Wednesday, March 13, 2013

TOP STORY >> Cypert preaches to Cabot ‘choir’

Leader staff writer

Although at first glance the turnout might have appeared to be fair for a town hall meeting held in Cabot on Monday evening to familiarize voters with the projects they will be asked to pay for by extending the city’s existing sales tax on April 9, a closer look would have revealed that the number of actual voters looking for information could be counted on one hand.

Several seats in the Magness Creek Elementary cafeteria were occupied but the audience was made up mostly of city employees, members of Cabot’s park and water and sewer commissions, city council members and members of the Lonoke Prairie Regional Library Board.

Asked if he was preaching to the choir, Mayor Bill Cypert conceded that the audience was in fact made up almost entirely of those who support extending the sales tax to pay for about $40 million in infrastructure projects.

The mayor has scheduled several town hall meetings, mostly at schools across the district, in an effort to gain support for the tax extension set for election on April 9.

The Monday night meeting highlighted the proposed $2.6 million library that will be built in the old Knight’s building on Main Street as well as the proposed $8.2 million in sewer improvements.

Library Director Leroy Gattin told the audience that growth of the Internet has not made books or the library obsolete and use of the library has actually doubled since the current facility was built in 1996.

“Books won’t go away,” Gattin said. “Not everyone can afford a Kindle or a Nook.”

Plans for the 21,000-squa-re-foot Knight’s building include meeting rooms, more room for the children’s programs and books, more comfortable seating where people can read newspapers and a coffee bar.

Cypert said the old 8,196-square-foot library will be turned over to the senior citizens to replace the center they have outgrown and that building will either be sold or used for some other purpose.

Gary Walker, chairman of the Cabot Water and Wastewater Commission, told the audience that although the $5.7 million Four Mile Creek Project that will increase sewer capacity in the Hwy. 5/Greystone area is getting the most attention, the entire project is made up of seven parts including replacing deteriorating pipes in the older part of the city and upgrading from lift stations to gravity feed lines in the areas of West Oaks, Countrywood, Polk Street and Shiloh subdivisions.

As with all the planned parts, the Four Mile Creek project is intended to take care of existing customers and to allow for growth, Walker said.

In response to comments from Tom Stanley, who opposes the Four Mile Creek project, the mayor said the area it will serve is the only growth area left in Cabot because Cabot is surrounded by other water districts and Cabot won’t annex areas it can’t provide with water.

“Water turfs are highly protected,” he said.

Walker said if the tax extension doesn’t pass, sewer rates would need to more than double to pay for the seven projects.

If it does pass, rates would still need to go up for maintenance and improvements in the area of South Hwy. 89 at the rate of 15 percent a year for five years beginning in 2015.

Walker’s presentation included a 2010 survey that showed Cabot sewer rates are some of the lowest in the area.
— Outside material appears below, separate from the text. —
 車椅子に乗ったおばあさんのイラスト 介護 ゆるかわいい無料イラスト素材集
By comparison, the rate for 5,000 gallons is $17.25 in Searcy, $19.18 in North Little Rock, $22.25 in Ward and $24.67 in Beebe.
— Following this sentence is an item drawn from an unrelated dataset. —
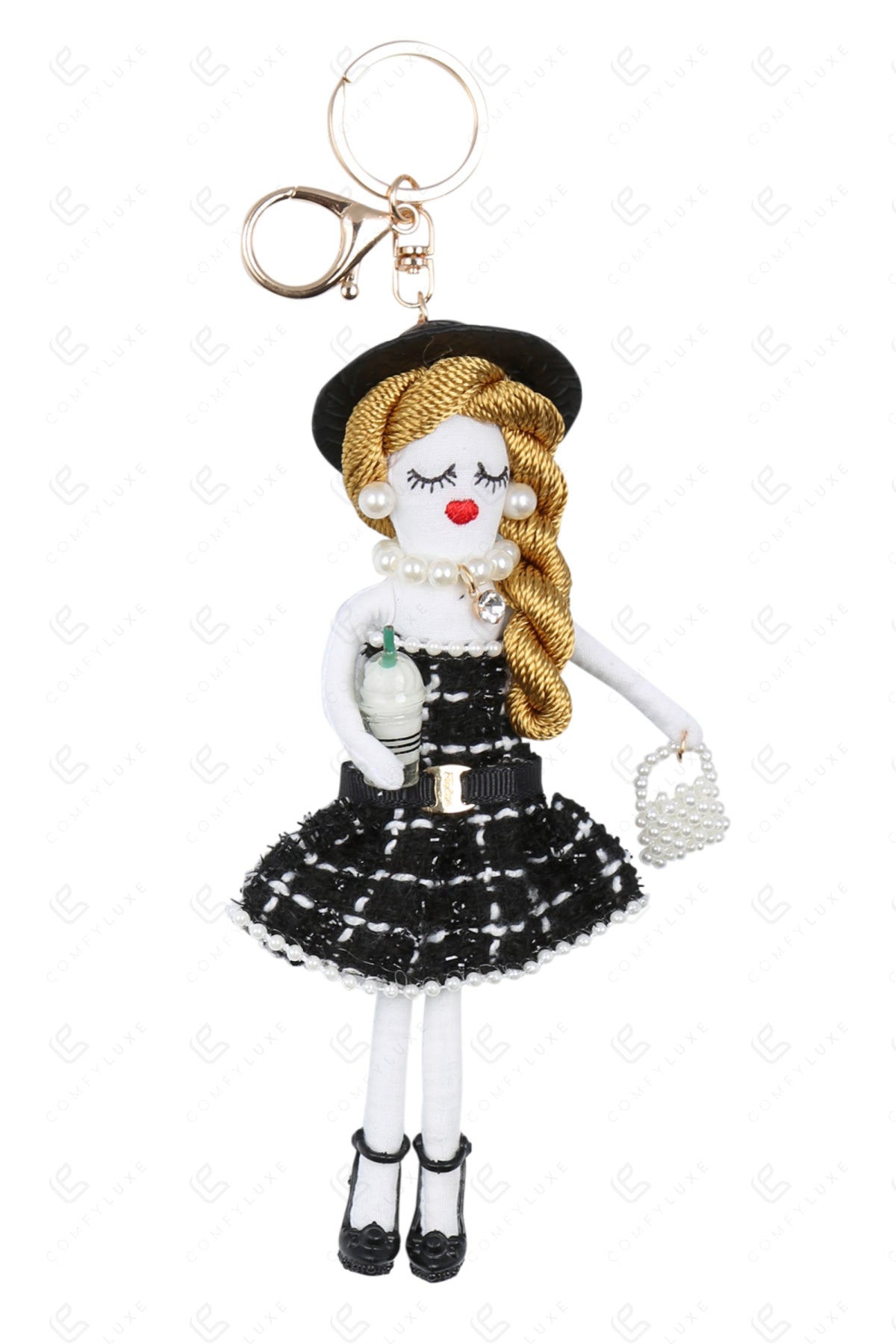 DOLL IN DRESS KEYCHAIN/BAG CHARM BLACK KEYCHAINS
In addition to the library and sewer projects, the April 9 ballot includes $9.5 million for the north interchange and connector road to the railroad overpass built with revenue raised from the 2005 tax election, $500,00 to improve drainage in the Highlands subdivision, $5.5 million for expanding the community center and $13.5 million for a baseball park and outdoor pool complex that will be built on Hwy. 321.